The Blank Slate
Page 30
For that matter, many writers think, why stop there? Better still to insist that all categories are social constructions and therefore figments, because that would really make invidious stereotypes figments. Rorty notes with approval that many thinkers today “go on to suggest that quarks and genes probably are [inventions] too.” Postmodernists and other relativists attack truth and objectivity not so much because they are interested in philosophical problems of ontology and epistemology but because they feel it is the best way to pull the rug out from under racists, sexists, and homophobes. The philosopher Ian Hacking provides a list of almost forty categories that have recently been claimed to be “socially constructed.” The prime examples are race, gender, masculinity, nature, facts, reality, and the past. But the list has been growing and now includes authorship, AIDS, brotherhood, choice, danger, dementia, illness, Indian forests, inequality, the Landsat satellite system, the medicalized immigrant, the nation-state, quarks, school success, serial homicide, technological systems, white-collar crime, women refugees, and Zulu nationalism. According to Hacking, the common thread is a conviction that the category is not determined by the nature of things and therefore is not inevitable. The further implication is that we would be much better off if it were done away with or radically transformed.9
This whole enterprise is based on an unstated theory of human concept formation: that conceptual categories bear no systematic relation to things in the world but are socially constructed (and can therefore be reconstructed). Is it a correct theory? In some cases it has a grain of truth. As we saw in Chapter 4, some categories really are social constructions: they exist only because people tacitly agree to act as if they exist. Examples include money, tenure, citizenship, decorations for bravery, and the presidency of the United States.10 But that does not mean that all conceptual categories are socially constructed. Concept formation has been studied for decades by cognitive psychologists, and they conclude that most concepts pick out categories of objects in the world which had some kind of reality before we ever stopped to think about them.11
Yes, every snowflake is unique, and no category will do complete justice to every one of its members. But intelligence depends on lumping together things that share properties, so that we are not flabbergasted by every new thing we encounter. As William James wrote, “A polyp would be a conceptual thinker if a feeling of ‘Hollo! thingumbob again!’ ever flitted through its mind.” We perceive some traits of a new object, place it in a mental category, and infer that it is likely to have the other traits typical of that category, ones we cannot perceive. If it walks like a duck and quacks like a duck, it probably is a duck. If it’s a duck, it’s likely to swim, fly, have a back off which water rolls, and contain meat that’s tasty when wrapped in a pancake with scallions and hoisin sauce.

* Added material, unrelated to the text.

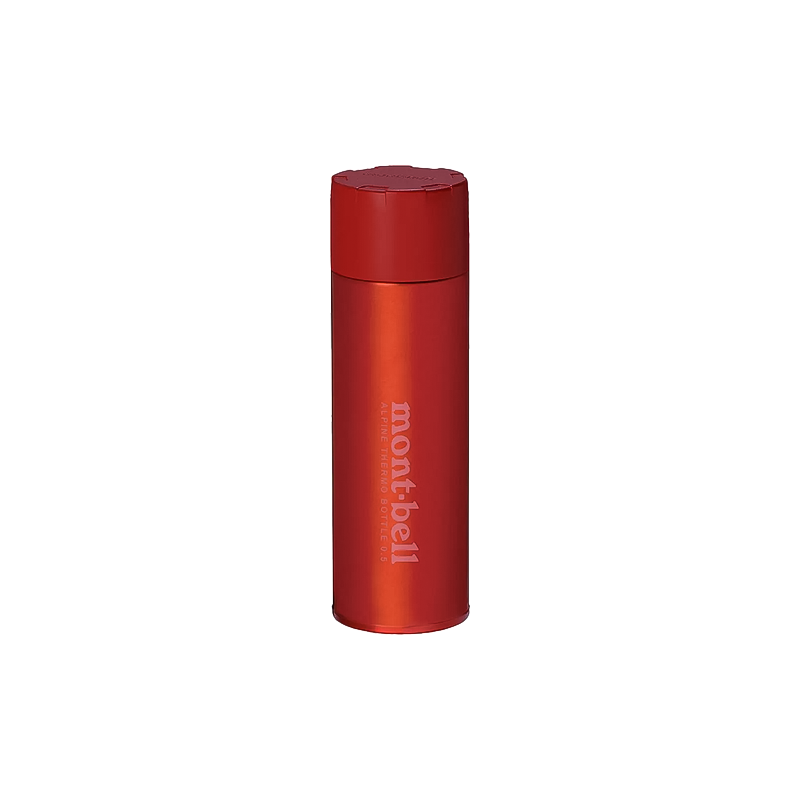 Red water bottle featuring double-wall insulation for optimal temperature retention in outdoor use.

This kind of inference works because the world really does contain ducks, which really do share properties. If we lived in a world in which walking quacking objects were no more likely to contain meat than did any other object, the category “duck” would be useless and we probably would not have evolved the ability to form it. If you were to construct a giant spreadsheet in which the rows and columns were traits that people notice and the cells were filled in by objects that possess that combination of traits, the pattern of filled cells would be lumpy. You would find lots of entries at the intersection of the “quacks” row and the “waddles” column but none at the “quacks” row and the “gallops” column. Once you specify the rows and columns, the lumpiness comes from the world, not from society or language. It is no coincidence that the same living things tend to be classified together by the words in European cultures, the words for plant and animal kinds in other cultures (including preliterate cultures), and the Linnaean taxa of professional biologists equipped with calipers, dissecting tools, and DNA sequencers. Ducks, biologists say, are several dozen species in the subfamily Anatinae, each with a distinct anatomy, an ability to interbreed with other members of their species, and a common ancestor in evolutionary history.

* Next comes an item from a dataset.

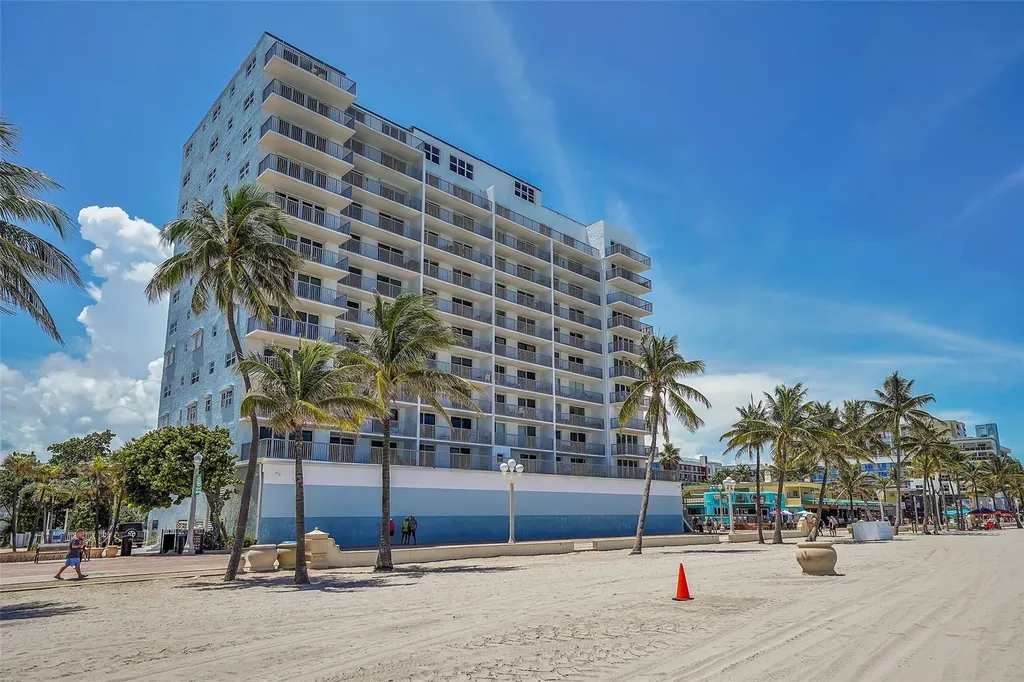 400 N Surf Road Hollywood FL 33019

Most cognitive psychologists believe that conceptual categories come from two mental processes.12 One of them notices clumps of entries in the mental spreadsheet and treats them as categories with fuzzy boundaries, prototypical members, and overlapping similarities, like the members of a family. That’s why our mental category “duck” can embrace odd ducks that don’t match the prototypical duck, such as lame ducks, who cannot swim or fly, Muscovy ducks, which have claws and spurs on their feet, and Donald Duck, who talks and wears clothing. The other mental process looks for crisp rules and definitions and enters them into chains of reasoning. The second system can learn that true ducks molt twice a season and have overlapping scales on their legs and hence that certain birds that look like geese and are called geese really are ducks. Even when people don’t know these facts from academic biology, they have a strong intuition that species are defined by an internal essence or hidden trait that lawfully gives rise to its visible features.13
Anyone who teaches the psychology of categorization has been hit with this question from a puzzled student: “You’re telling us that putting things into categories is rational and makes us smart. But we’ve always been taught that putting people into categories is irrational and makes us sexist and racist. If categorization is so great when we think about ducks and chairs, why is it so terrible when we think about genders and ethnic groups?” As with many ingenuous questions from students, this one uncovers a shortcoming in the literature, not a flaw in their understanding.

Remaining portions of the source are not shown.